Pictures with short captions
=== Begin Enclosure ===
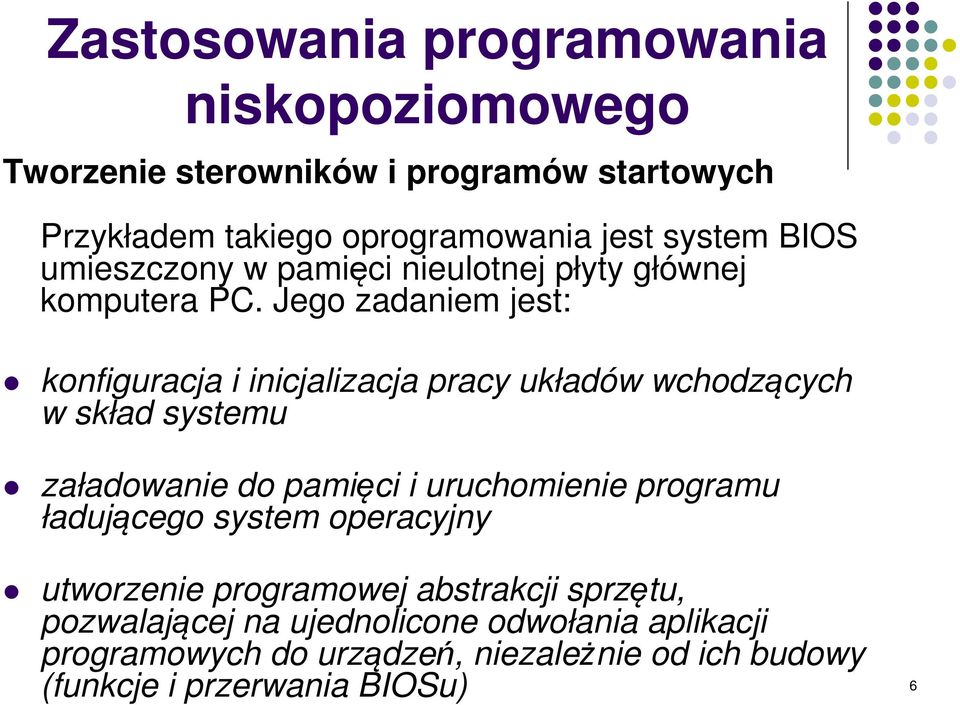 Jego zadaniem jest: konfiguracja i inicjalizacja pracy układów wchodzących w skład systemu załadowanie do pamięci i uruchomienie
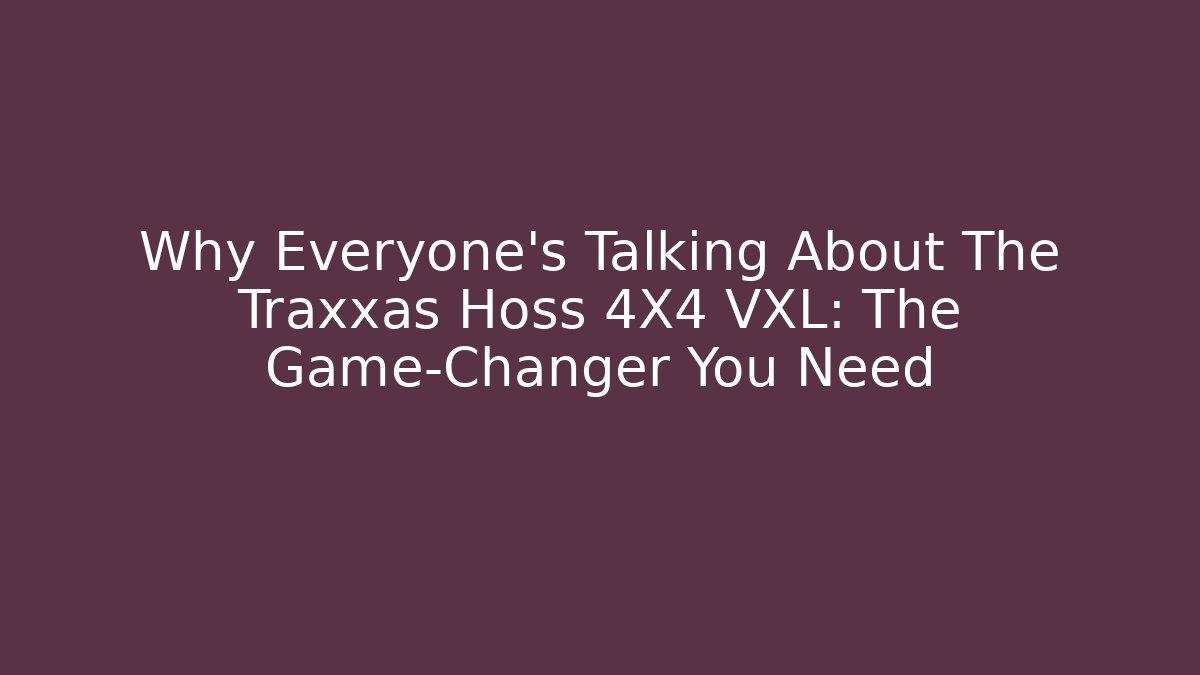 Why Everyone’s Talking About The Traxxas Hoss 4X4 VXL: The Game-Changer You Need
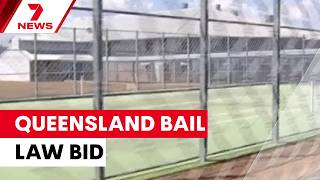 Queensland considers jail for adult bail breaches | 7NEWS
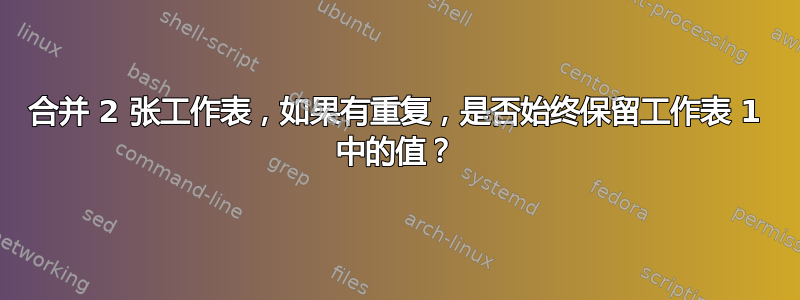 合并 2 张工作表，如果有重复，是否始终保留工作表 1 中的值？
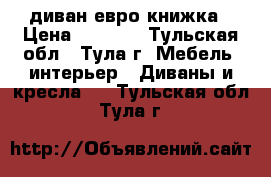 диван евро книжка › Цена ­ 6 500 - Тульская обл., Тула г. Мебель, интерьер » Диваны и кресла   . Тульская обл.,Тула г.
=== End Enclosure ===
**Instructions for the task**
Would you retype the entries above in full, exactly as written, minus the pictures?

**Solution**
 Jego zadaniem jest: konfiguracja i inicjalizacja pracy układów wchodzących w skład systemu załadowanie do pamięci i uruchomienie
 Why Everyone’s Talking About The Traxxas Hoss 4X4 VXL: The Game-Changer You Need
 Queensland considers jail for adult bail breaches | 7NEWS
 合并 2 张工作表，如果有重复，是否始终保留工作表 1 中的值？
 диван евро книжка › Цена ­ 6 500 - Тульская обл., Тула г. Мебель, интерьер » Диваны и кресла   . Тульская обл.,Тула г.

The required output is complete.